In an essay published yesterday in the New York Times (NYT), Stockman wrote that the Fed’s quantitative easing policies following the credit crisis have flooded stock markets with cash even while the “Main Street economy” remains weak. The combination, he wrote, is “unsustainable.”
“When it bursts, there will be no new round of bailouts like the ones the banks got in 2008,” wrote Stockman, a former senior managing director at Blackstone Group LP (BX) and a former Republican congressman from Michigan. “Instead, America will descend into an era of zero-sum austerity and virulent political conflict, extinguishing even today’s feeble remnants of economic growth.”
Stockman, 66, is the author of “The Great Deformation: The Corruption of Capitalism in America,” which will be published tomorrow.
He rose to prominence during the early 1980s in the Reagan administration while pushing supply-side economics, which held that income tax cuts would boost economic growth and raise more revenue for the government.
Stockman quickly turned on supply-side economics. He said the benefits would only “trickle down” to the non-wealthy and that the tax plan “was always a Trojan horse” for accomplishing the primary goal. That objective was bringing down the top income-tax rate to 50 percent from 70 percent.
He resigned as budget director in 1985 and published a book criticizing the Reagan administration.
In an interview today on Bloomberg Television, Stockman said, “We’re borrowing money and burying the future generations in debt.”
The Fed, led by Ben S. Bernanke, is purchasing $85 billion in assets every month. The Fed is leaving its key interest rate near zero while it tries to reduce unemployment below 6.5 percent and hold inflation below 2.5 percent.

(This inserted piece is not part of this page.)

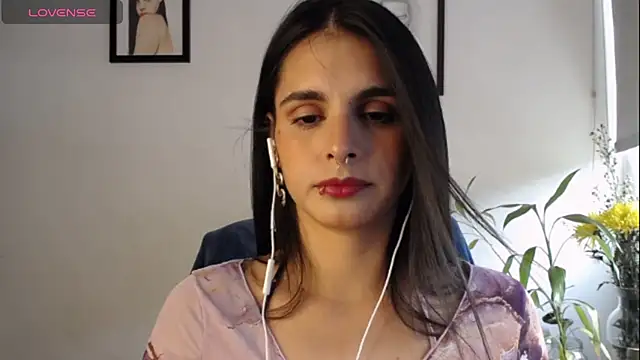 Snapshot of alma_violeta chatting on 01/26/25, 06:58 alma violeta online show from 01/26/25, 06:58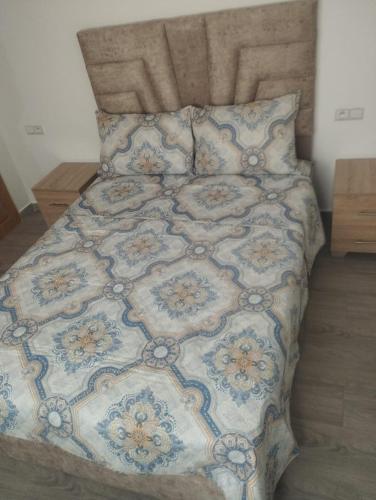 a bedroom with a bed with a quilt on it at Perla m'diq in M'diq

Those policies, Stockman said today, benefit speculators and bond traders and have created the “greatest bond bubble in history.”
The Standard & Poor’s 500 Index (SPX) rose to a record high last week, closing at 1,569.19 on March 28. That surpassed the previous record of 1,565.15 set in October 2007. Today, the S&P 500 fell 0.3 percent to 1,565.05 as of 10:06 a.m. in New York.
Among the culprits Stockman blamed for what he termed a “state-wreck” are President Franklin Delano Roosevelt for weakening the gold standard in 1933, President Richard Nixon for removing the convertibility of dollars to gold and “lapsed hero” Alan Greenspan, the former Fed chairman, for keeping interest rates too low for too long.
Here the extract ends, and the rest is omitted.